Speaking of questionable MSM reporting on political strategy, there seems to be a lot of confusion over the alleged “shift” in Obama messaging about Mitt Romney from “a flip-flopper with no core” to “severely conservative.” Today there’s a long Glenn Thrush/Jonathan Martin piece at Politico that reads like the co-authors were having an argument and just lashed it all together. One minute it seems the Obama campaign junked the “no core” attacks on the advice of Bill Clinton and pollster Benenson; then it appears they are pursuing the two themes simultaneously; and then that there is internal discord on the messaging.
The sources for the “internal discord” interpretation are not exactly unimpeachable: John Weaver, who’s fresh from conducting the train wreck that was Jon Huntsman’s presidential campaign, but has apparently retained his “genius strategist” rep in some circles; and Romney’s own spokesperson Andrea Saul, who says the supposed conflict is a sign of “a White House in search of a reason for reelection.”
I don’t see a problem here. Of course the Obama camp emphasized the “no core” argument during the primaries, since it reinforced conservative doubts about Romney and also painted him as someone so character-less that he’d do or say whatever was necessary to win the nomination.
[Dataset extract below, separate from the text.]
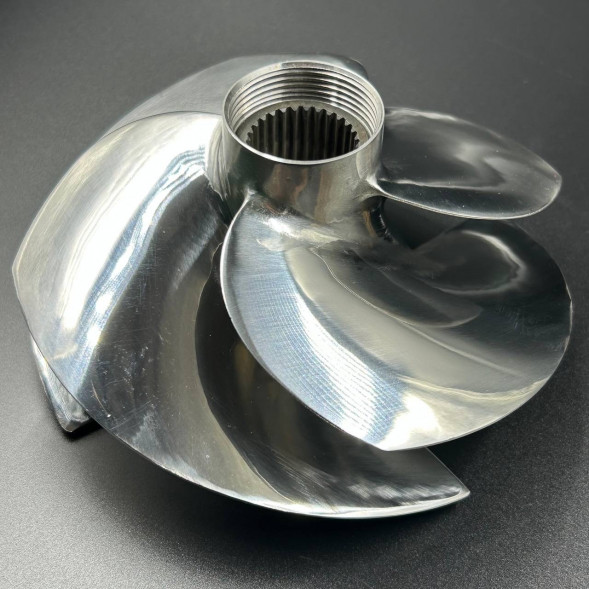 Импеллер для гидроциклов BRP Sea-Doo 230-300HP (Сталь-полированная) (YHS)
Now that Mitt’s spent months and months pandering to conservative activists and blasting his opponents for ideological heresies real and imagined, it’s perfectly logical to point out how he’s harnessed himself to a political movement that’s partying like it’s 1964. But the “no core” attack line must be recalled now and then to turn on bright flashing lights whenever Romney tries to reposition himself, which he really does need to do lest he come across as Paul Ryan with a lot less personality.
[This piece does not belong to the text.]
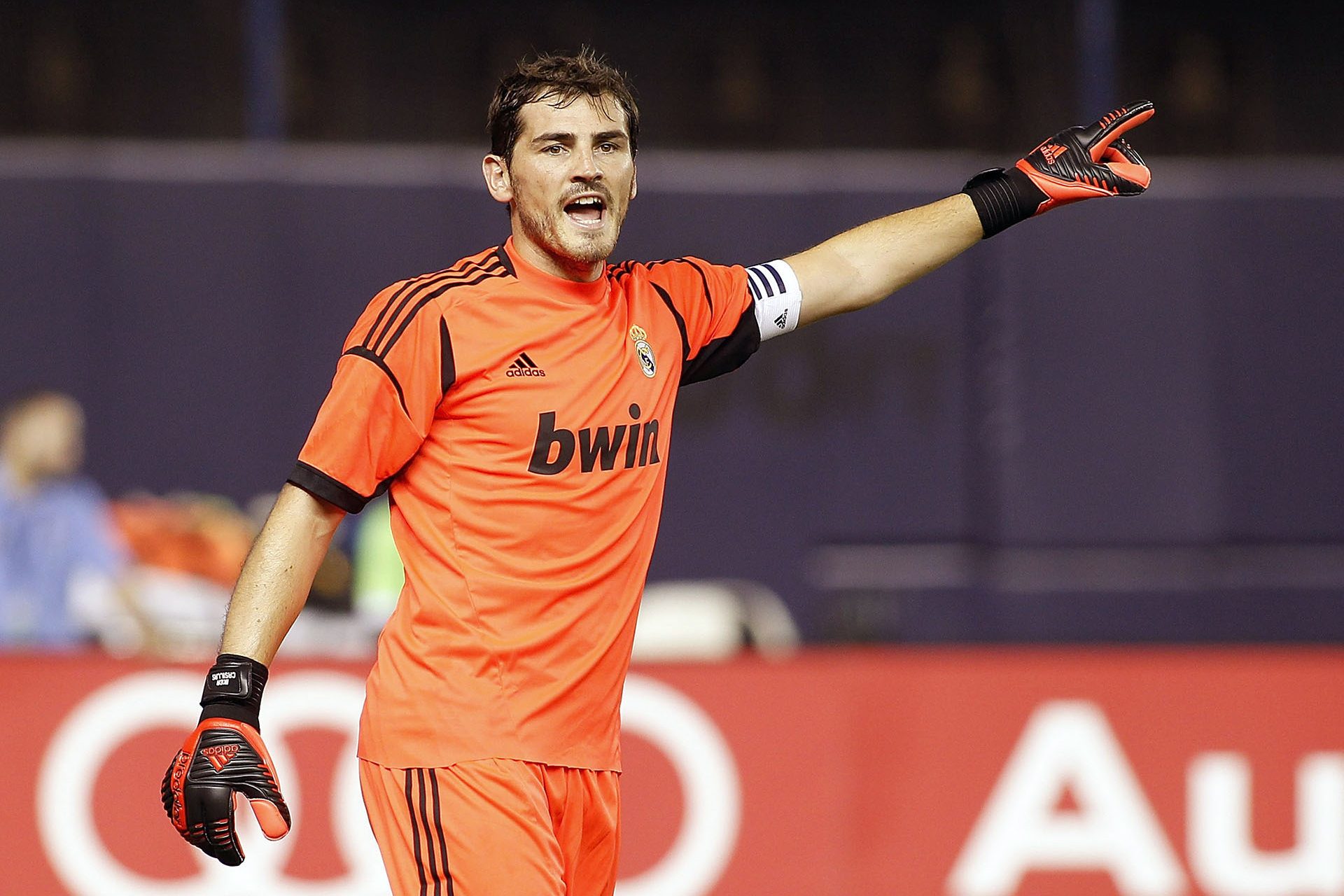 Iker Casillas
Is it really confusing or risky to depict Romney as an empty suit in the thrall of radicals? Weaver says something I’ve also heard from anxious Democrats who fear that calling Romney a flip-flopper could make him more attractive to swing voters: “Being a flip-flopper might actually help Romney. It shows he’s not an unreasonable person.”
Really? People who don’t like the ideology Romney has been incessantly peddling for the last two presidential cycles are going to vote for him because they believe he’s an incorrigible liar?
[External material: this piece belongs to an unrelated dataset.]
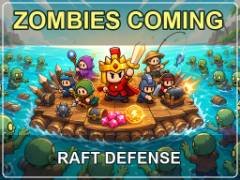 DDZombiesArrivent - crazygames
I don’t think so. Mitt has built a trap for himself throughout his public career, and Team Obama would be foolish not to bait it and spring it. Persuadable voters don’t much like flip-floppers and don’t much like “severly conservative” ideologues, either. And they really don’t like pols without the character to maintain a reasonably consistent point of view even as they ingratiate themselves to people who are unreasonably enslaved to an extremist ideology against which every decision made by Romney every single day of his presidency would be policed relentlessly and viciously.